== Exercise goal ==
All entries below are to be reproduced precisely as they stand, without the pictures.
========================
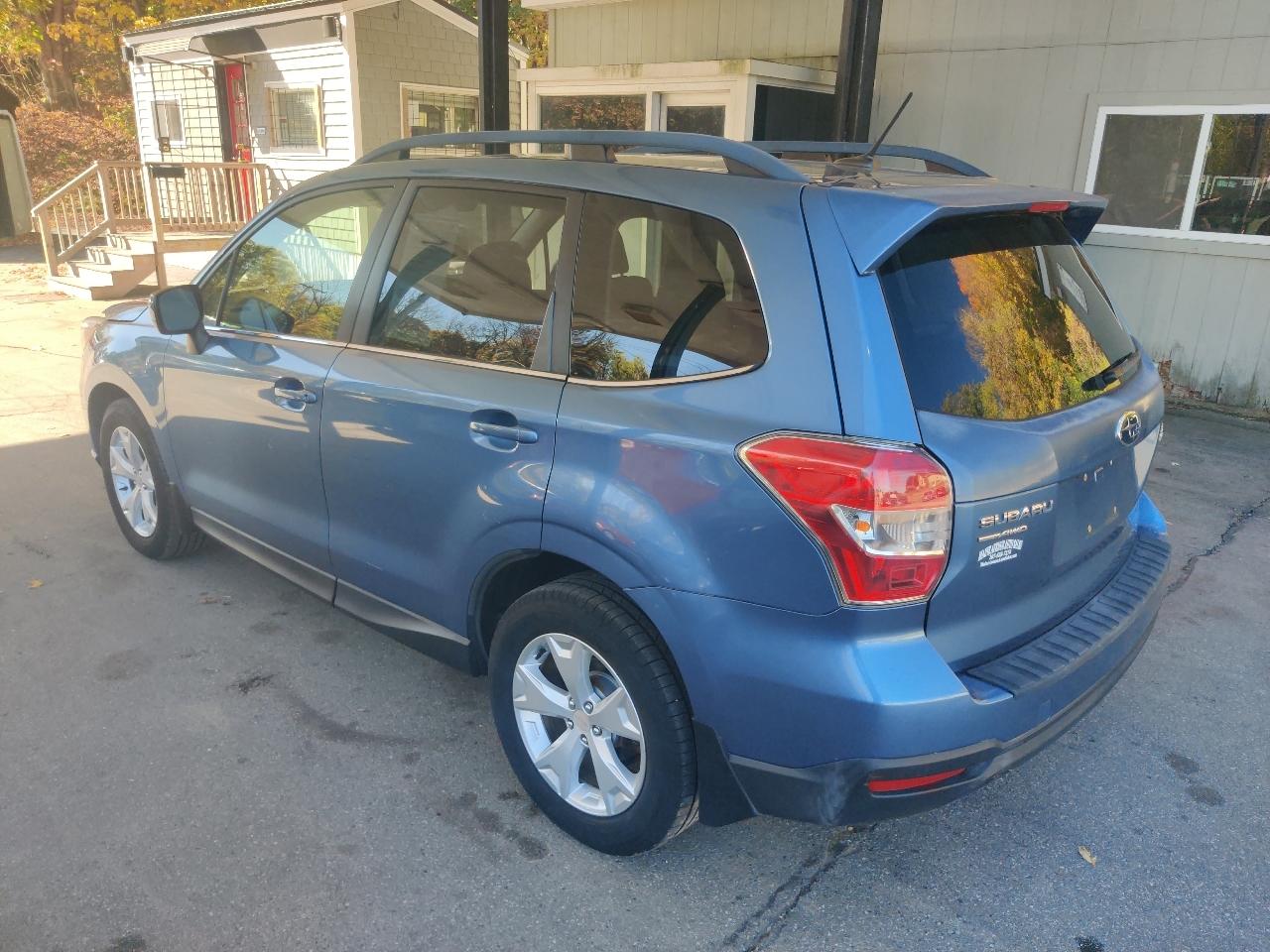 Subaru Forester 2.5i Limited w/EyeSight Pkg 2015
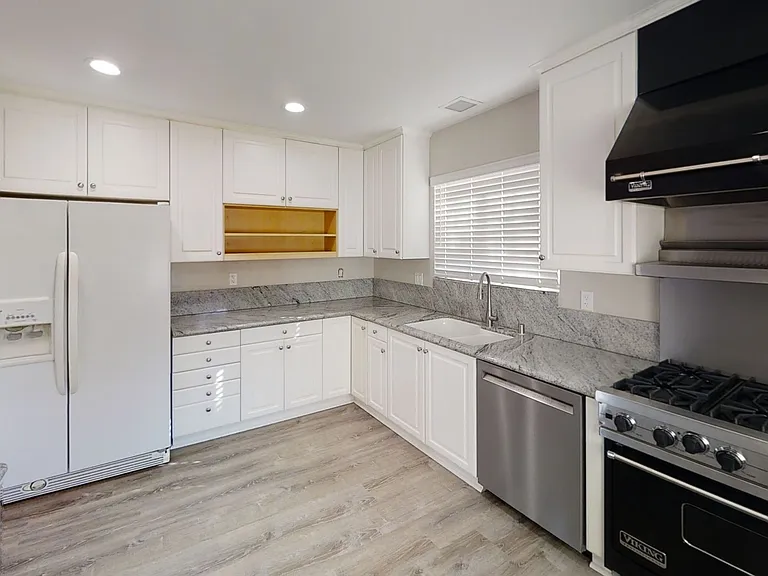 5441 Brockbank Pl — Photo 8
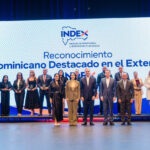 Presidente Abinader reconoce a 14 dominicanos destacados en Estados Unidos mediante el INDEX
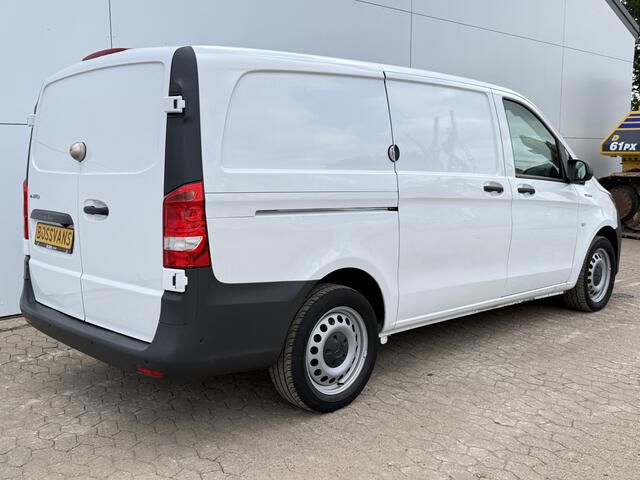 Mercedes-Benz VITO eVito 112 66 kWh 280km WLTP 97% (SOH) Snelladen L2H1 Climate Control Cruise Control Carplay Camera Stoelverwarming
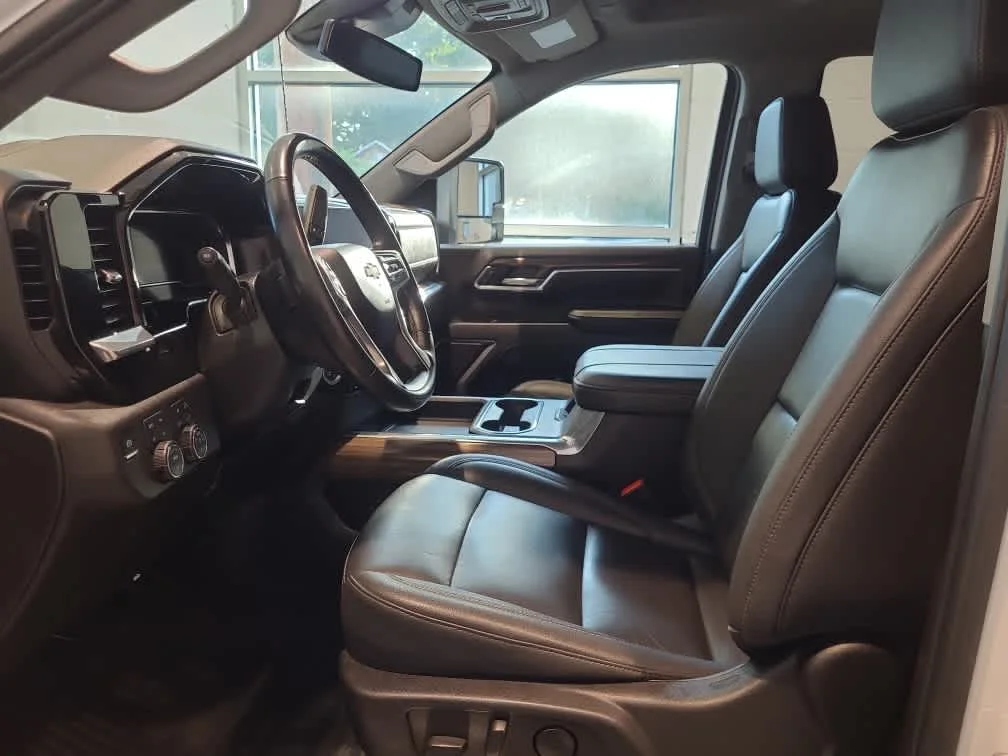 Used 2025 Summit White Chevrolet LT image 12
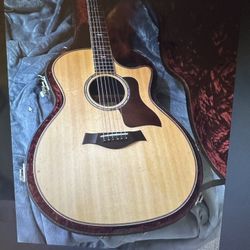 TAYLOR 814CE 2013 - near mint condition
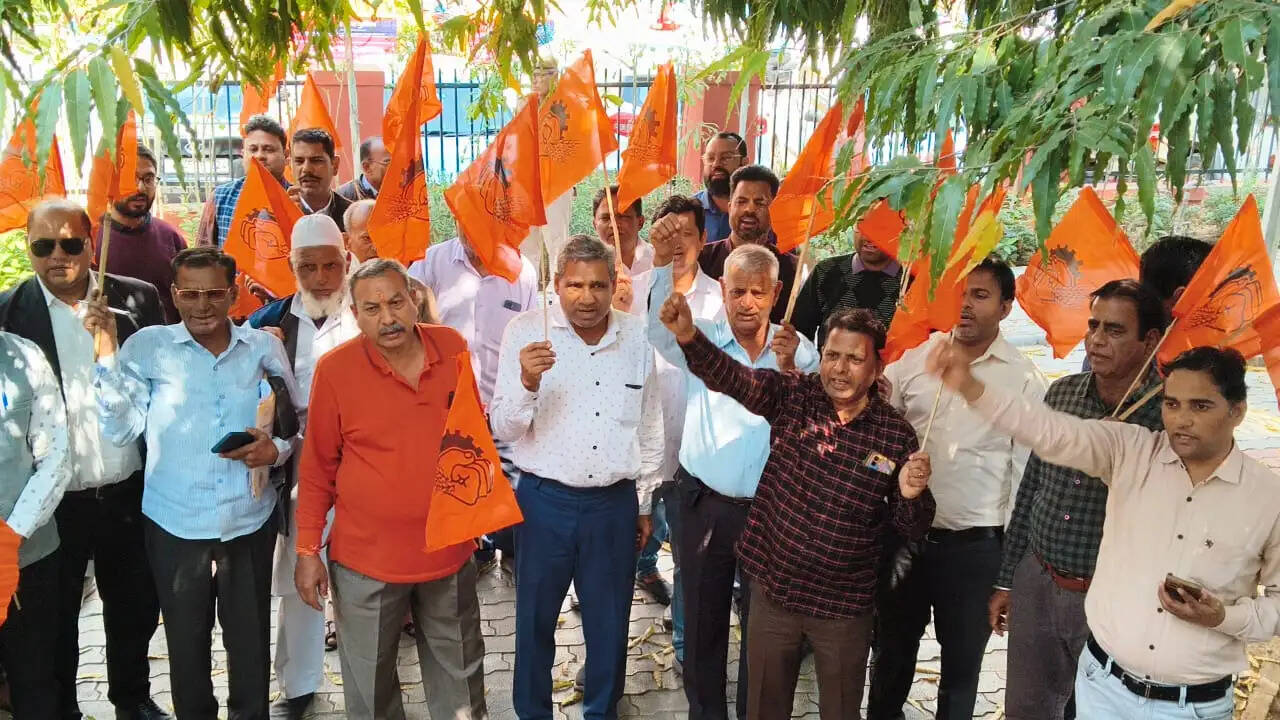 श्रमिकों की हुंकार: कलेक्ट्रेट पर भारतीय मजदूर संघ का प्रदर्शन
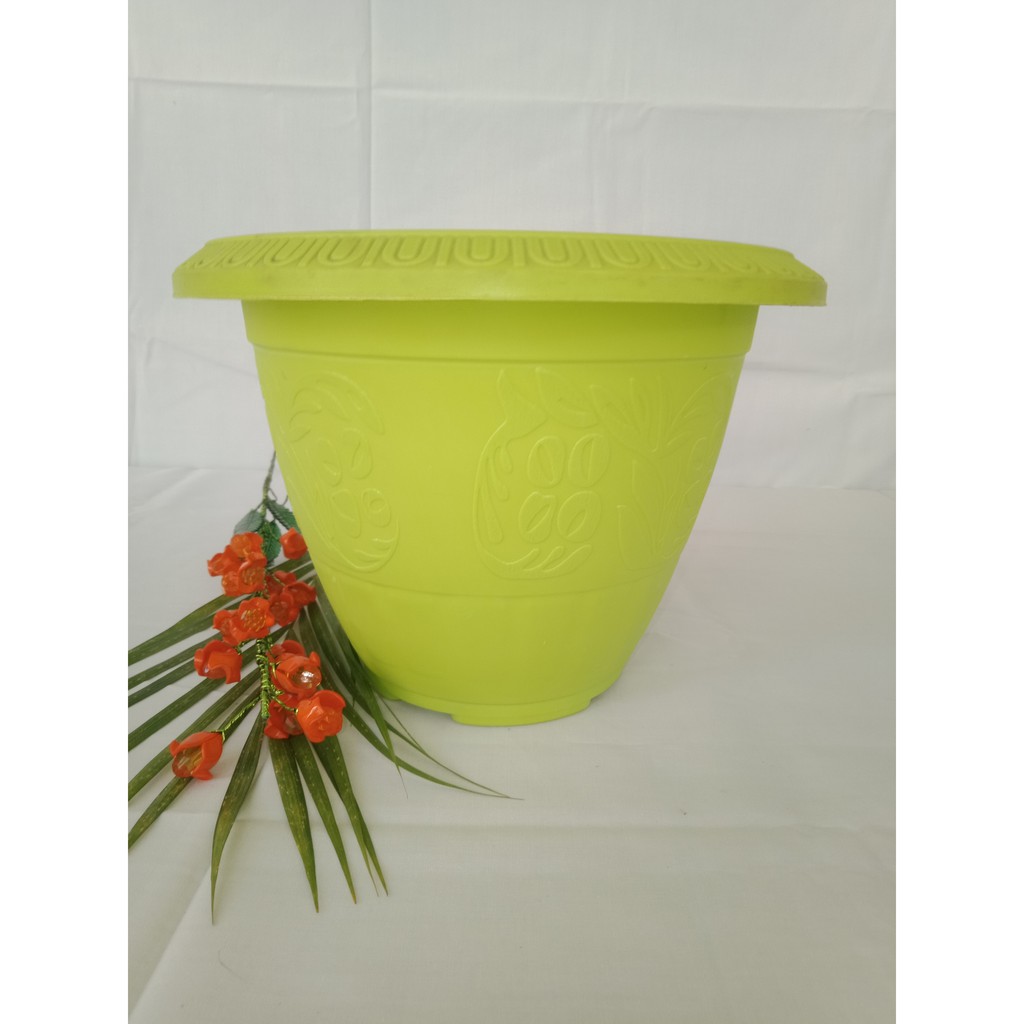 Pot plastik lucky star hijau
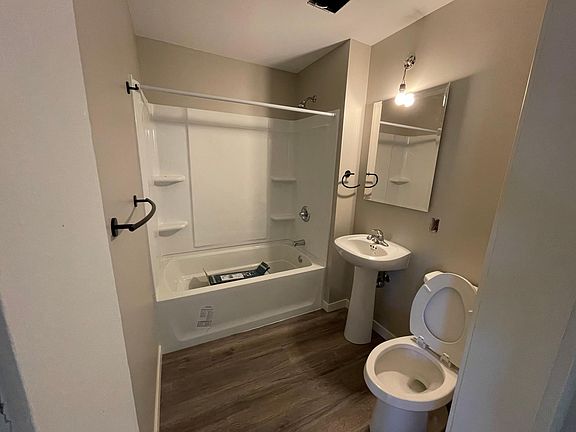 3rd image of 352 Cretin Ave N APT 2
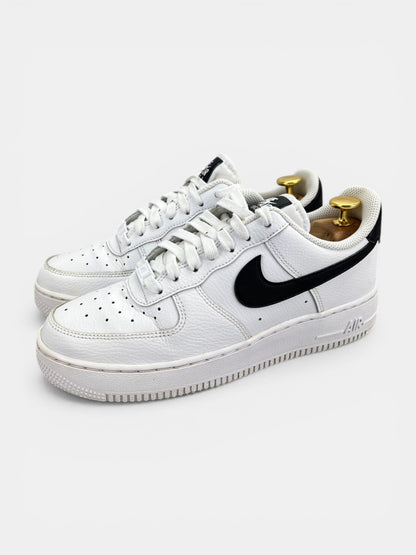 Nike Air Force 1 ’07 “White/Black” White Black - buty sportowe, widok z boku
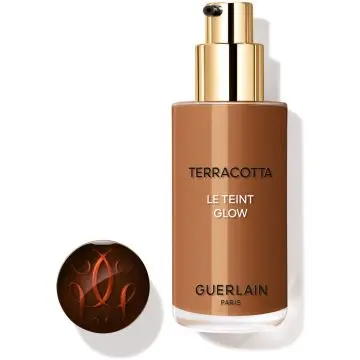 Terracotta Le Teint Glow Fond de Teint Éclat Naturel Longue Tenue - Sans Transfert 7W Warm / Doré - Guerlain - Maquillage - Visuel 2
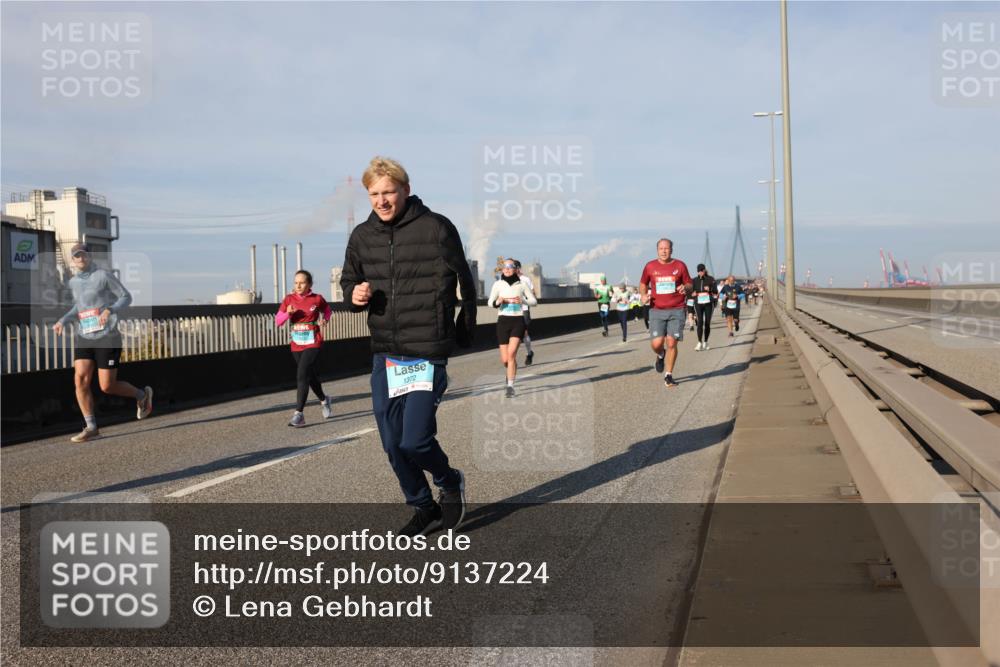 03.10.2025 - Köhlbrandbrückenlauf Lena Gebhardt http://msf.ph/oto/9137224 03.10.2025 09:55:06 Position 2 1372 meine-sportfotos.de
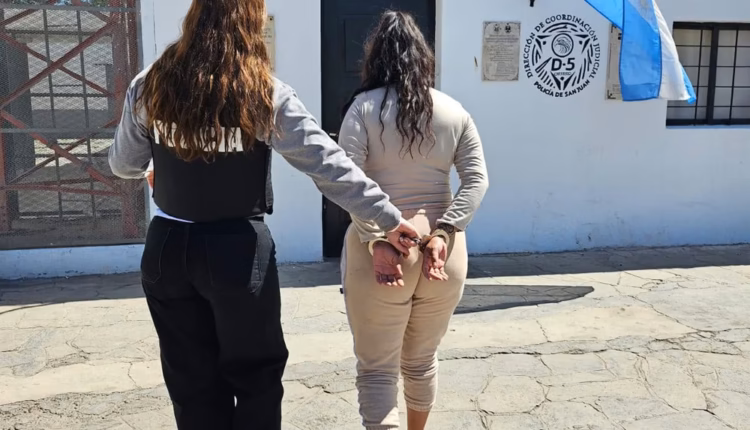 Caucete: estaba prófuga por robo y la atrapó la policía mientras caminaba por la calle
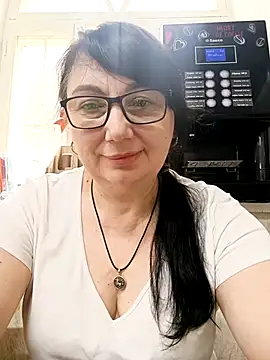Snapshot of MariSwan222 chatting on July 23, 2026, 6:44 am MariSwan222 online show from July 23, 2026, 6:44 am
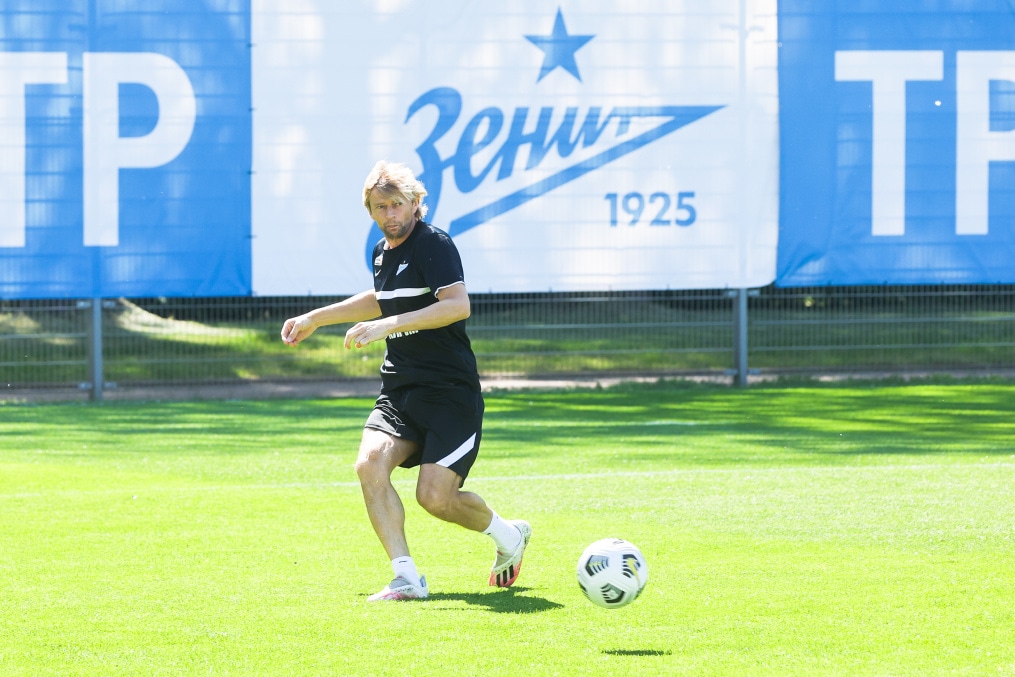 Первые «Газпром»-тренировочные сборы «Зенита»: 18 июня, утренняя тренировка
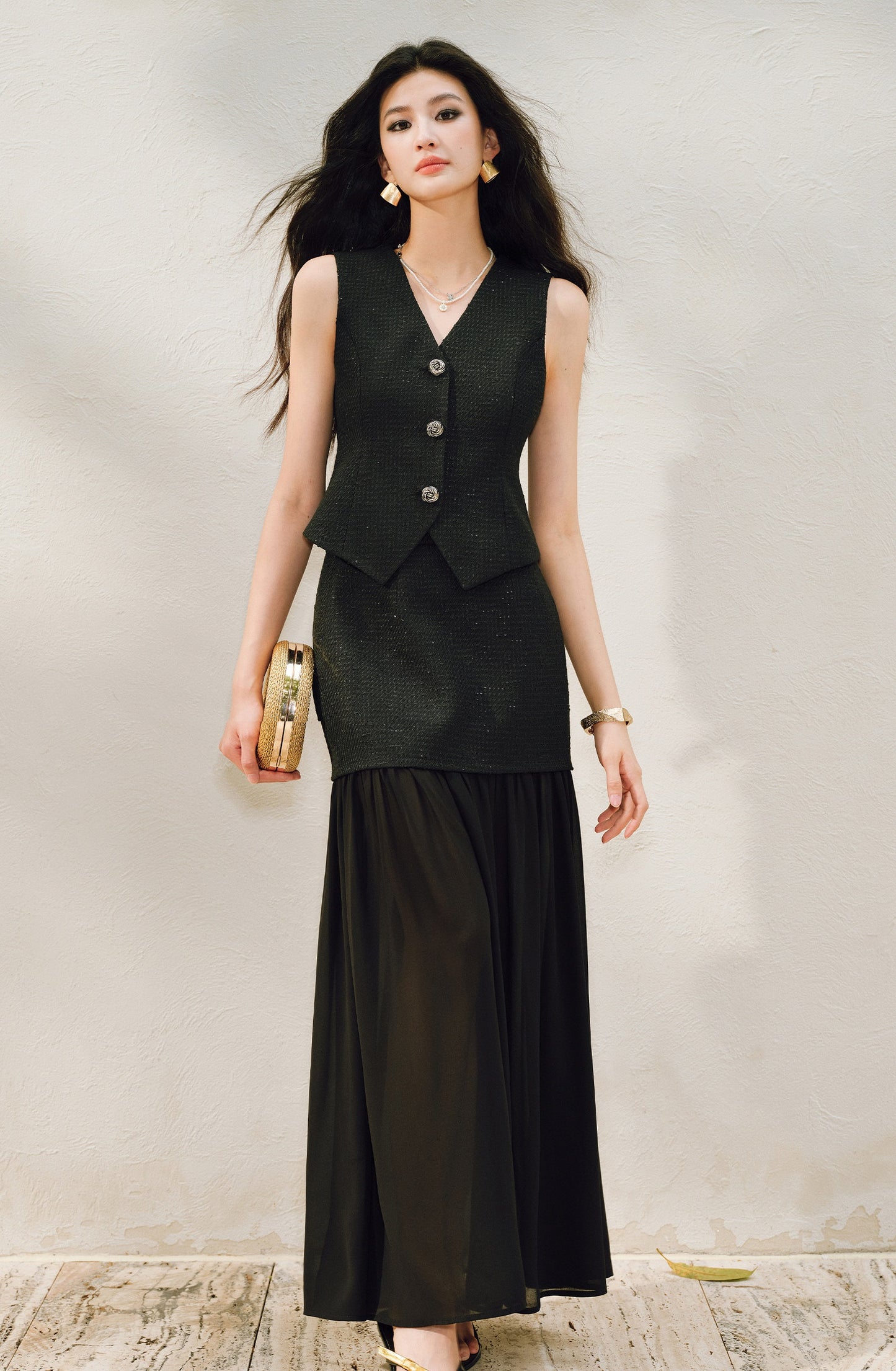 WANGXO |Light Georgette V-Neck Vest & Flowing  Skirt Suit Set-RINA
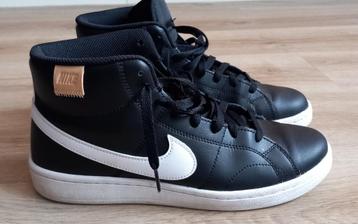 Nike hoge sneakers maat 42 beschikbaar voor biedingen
========================
== Answer below ==
 Subaru Forester 2.5i Limited w/EyeSight Pkg 2015
 5441 Brockbank Pl — Photo 8
 Presidente Abinader reconoce a 14 dominicanos destacados en Estados Unidos mediante el INDEX
 Mercedes-Benz VITO eVito 112 66 kWh 280km WLTP 97% (SOH) Snelladen L2H1 Climate Control Cruise Control Carplay Camera Stoelverwarming
 Used 2025 Summit White Chevrolet LT image 12
 TAYLOR 814CE 2013 - near mint condition
 श्रमिकों की हुंकार: कलेक्ट्रेट पर भारतीय मजदूर संघ का प्रदर्शन
 Pot plastik lucky star hijau
 3rd image of 352 Cretin Ave N APT 2
 Nike Air Force 1 ’07 “White/Black” White Black - buty sportowe, widok z boku
 Terracotta Le Teint Glow Fond de Teint Éclat Naturel Longue Tenue - Sans Transfert 7W Warm / Doré - Guerlain - Maquillage - Visuel 2
 03.10.2025 - Köhlbrandbrückenlauf Lena Gebhardt http://msf.ph/oto/9137224 03.10.2025 09:55:06 Position 2 1372 meine-sportfotos.de
 Caucete: estaba prófuga por robo y la atrapó la policía mientras caminaba por la calle
Snapshot of MariSwan222 chatting on July 23, 2026, 6:44 am MariSwan222 online show from July 23, 2026, 6:44 am
 Первые «Газпром»-тренировочные сборы «Зенита»: 18 июня, утренняя тренировка
 WANGXO |Light Georgette V-Neck Vest & Flowing  Skirt Suit Set-RINA
 Nike hoge sneakers maat 42 beschikbaar voor biedingen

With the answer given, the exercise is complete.